Here's a good article on the different string types:
http://www.codexterity.com/delphistrings.htm
I think there might also be a difference in terms of encoding but I'm not 100% sure.
I just got Delphi 2009 and have previously read some articles about modifications that might be necessary because of the switch to Unicode strings.
Mostly, it is mentioned that sizeof(char) is not guaranteed to be 1 anymore.
But why would this be interesting regarding string manipulation?
For example, if I use an AnsiString:='Test' and do the same with a String (which is unicode now), then I get Length() = 4 which is correct for both cases.
Without having tested it, I'm sure all other string manipulation functions behave the same way and decide internally if the argument is a unicode string or anything else.
Why would the actual size of a char be of interest for me if I do string manipulations?
(Of course if I use strings as strings and not to store any other data)
Thanks for any help!
Holger
With Unicode SizeOf(SomeChar) <> Length(SomeChar). Essentially the length of a string is less then the sum of the size of its chars.
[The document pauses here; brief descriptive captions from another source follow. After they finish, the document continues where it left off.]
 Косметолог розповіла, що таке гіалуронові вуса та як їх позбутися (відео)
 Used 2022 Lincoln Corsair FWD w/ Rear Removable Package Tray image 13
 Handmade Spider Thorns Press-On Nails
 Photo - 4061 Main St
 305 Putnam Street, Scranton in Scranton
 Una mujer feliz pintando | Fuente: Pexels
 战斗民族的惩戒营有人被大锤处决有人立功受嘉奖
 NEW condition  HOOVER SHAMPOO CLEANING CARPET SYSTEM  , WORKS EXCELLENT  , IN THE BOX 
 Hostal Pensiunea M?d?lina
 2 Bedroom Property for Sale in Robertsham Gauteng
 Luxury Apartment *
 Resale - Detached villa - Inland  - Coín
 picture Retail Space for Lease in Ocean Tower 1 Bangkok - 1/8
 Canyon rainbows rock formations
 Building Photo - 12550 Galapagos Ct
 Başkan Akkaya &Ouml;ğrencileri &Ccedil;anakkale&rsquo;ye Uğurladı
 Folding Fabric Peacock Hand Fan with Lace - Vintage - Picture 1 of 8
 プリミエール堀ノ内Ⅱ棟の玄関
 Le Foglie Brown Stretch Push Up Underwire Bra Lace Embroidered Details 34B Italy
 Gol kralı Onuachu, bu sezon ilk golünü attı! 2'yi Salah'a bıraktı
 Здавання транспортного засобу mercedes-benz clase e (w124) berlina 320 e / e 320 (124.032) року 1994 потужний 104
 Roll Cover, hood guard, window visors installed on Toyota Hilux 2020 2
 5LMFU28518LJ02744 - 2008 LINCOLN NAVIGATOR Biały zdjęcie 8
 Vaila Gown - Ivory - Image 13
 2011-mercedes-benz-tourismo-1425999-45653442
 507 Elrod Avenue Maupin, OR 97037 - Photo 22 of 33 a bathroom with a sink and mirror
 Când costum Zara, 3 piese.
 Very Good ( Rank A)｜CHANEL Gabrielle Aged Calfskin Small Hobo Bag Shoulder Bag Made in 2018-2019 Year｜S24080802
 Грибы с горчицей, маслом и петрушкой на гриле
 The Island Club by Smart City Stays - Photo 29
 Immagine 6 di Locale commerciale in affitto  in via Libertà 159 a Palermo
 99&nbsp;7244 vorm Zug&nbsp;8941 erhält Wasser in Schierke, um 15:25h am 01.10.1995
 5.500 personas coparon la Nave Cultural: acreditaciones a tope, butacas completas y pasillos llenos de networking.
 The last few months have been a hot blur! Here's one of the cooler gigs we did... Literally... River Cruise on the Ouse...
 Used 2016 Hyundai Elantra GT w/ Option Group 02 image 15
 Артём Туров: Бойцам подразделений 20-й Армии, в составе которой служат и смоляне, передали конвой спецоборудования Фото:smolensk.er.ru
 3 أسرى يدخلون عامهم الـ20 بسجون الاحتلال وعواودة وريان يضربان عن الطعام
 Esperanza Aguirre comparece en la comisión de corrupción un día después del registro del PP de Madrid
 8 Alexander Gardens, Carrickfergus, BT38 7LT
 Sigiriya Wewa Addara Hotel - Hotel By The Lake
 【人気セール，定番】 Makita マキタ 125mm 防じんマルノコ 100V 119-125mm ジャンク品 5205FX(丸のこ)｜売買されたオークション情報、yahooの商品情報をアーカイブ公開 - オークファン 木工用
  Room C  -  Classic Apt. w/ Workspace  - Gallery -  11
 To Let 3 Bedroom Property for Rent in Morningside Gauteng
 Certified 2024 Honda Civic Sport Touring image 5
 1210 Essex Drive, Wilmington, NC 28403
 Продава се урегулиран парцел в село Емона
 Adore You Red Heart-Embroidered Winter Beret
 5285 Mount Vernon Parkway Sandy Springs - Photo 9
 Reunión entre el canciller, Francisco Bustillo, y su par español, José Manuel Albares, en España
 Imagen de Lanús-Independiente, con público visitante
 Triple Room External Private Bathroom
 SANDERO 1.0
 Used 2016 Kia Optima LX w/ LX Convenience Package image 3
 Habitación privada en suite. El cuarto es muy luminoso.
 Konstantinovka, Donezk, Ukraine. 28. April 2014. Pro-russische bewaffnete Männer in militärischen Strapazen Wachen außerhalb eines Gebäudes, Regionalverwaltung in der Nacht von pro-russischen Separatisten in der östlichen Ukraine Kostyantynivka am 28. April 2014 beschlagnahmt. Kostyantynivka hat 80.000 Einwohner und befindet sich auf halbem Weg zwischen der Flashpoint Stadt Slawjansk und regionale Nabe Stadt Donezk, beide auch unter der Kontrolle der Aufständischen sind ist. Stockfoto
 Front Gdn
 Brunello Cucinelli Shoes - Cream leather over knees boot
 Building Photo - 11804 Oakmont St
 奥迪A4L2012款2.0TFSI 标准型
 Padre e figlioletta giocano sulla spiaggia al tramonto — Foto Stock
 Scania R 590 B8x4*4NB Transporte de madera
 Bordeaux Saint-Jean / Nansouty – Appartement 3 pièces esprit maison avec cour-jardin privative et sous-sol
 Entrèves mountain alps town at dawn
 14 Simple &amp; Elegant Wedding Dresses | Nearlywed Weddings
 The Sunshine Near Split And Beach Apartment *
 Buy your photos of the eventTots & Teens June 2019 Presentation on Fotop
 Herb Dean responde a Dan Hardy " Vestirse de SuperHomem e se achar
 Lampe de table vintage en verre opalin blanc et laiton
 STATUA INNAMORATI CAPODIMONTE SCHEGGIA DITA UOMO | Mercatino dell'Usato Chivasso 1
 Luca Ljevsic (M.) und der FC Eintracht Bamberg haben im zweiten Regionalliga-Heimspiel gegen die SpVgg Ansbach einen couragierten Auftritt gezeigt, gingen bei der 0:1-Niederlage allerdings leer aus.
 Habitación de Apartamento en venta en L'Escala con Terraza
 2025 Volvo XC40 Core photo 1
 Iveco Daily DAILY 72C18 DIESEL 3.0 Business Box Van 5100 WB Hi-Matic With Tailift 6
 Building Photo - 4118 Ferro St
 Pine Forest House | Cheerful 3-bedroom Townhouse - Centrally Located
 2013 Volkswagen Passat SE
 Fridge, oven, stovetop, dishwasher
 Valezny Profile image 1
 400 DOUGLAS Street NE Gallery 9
As long as you don't assume SizeOf(Char) = 1, or SizeOf(SomeString[x]) = 1 (since both are FALSE now) or try to interchange bytes with chars, then you shouldn't have any trouble. Any place you are doing something creative stuffing Bytes into Chars or Strings, then you will need to use AnsiString.
(SizeOf(SomeString) is still 4 no matter the length since it is essentially a pointer with some compiler magic.)
People often implicitly convert from characters to bytes in old Delphi code without really thinking about it. For example, when writing to a stream. When you write a string to a stream, you have to specify the number of bytes you write, but people often pass the character count instead. See this post from Chris Bensen for another example.
Another way people often make this implicit conversion and older code is by using a "string" to store binary data. In this case, they actually want bytes, but the data type expects characters. D2009 has a better type for this.
I didn't try Delphi 2009, but are using fpc which is also switching to unicode slowly. I'm 95% sure that everything below also holds for Delphi 2009
In fpc (when supporting unicode) it will be so that functions like 'length' take the codepage into consideration. Thus it will return the length of the string as a 'human' would see it. If there are - for example - two chinese characters, that both take two bytes of memory in unicode, length will return 2, since there are two characters in the string. But the string will take 4 bytes of memory. (+the memory for the reference count and the leading #0, but that aside)
What you can not do anymore is this:
var p : pchar;
begin
p := s[1];
for i := 0 to length(string)-1 do
begin
write(p);
inc(p);
end;
end;
Because this code will - in the two chinese-character example - write the wrong two characters. Namely the two bytes which are part of the first 'real' character.
In short: Length() doesn't return the amount of bytes allocated for the string anymore, but the amount of characters. (Before the switch to unicode, those two values were equal to eachother)
The actual size of a character shouldn't matter, unless you are doing the manipulation at the byte level.
(Of course if I use strings as strings and not to store any other data)
That's the key point, YOU don't use strings for other purposes, but some people do. They use strings just like arrays, so they (and that's including me) would need to check all such uses to make sure nothing is broken...
Lets not forget that there are times when this conversion is not really desired. Say for storing a GUID in a record for instance. The guid can only contain hexadecimal characters plus the - and brackets...making them take up twice the space can make quite an impact on existing code. Sure the simple solution is to change them to AnsiString, and deal with the compiler warnings if you do any string manipulation on them.
It can be an issue if you make Windows API calls. Or if you have legacy code that does inc or dec of str[0] to change its length.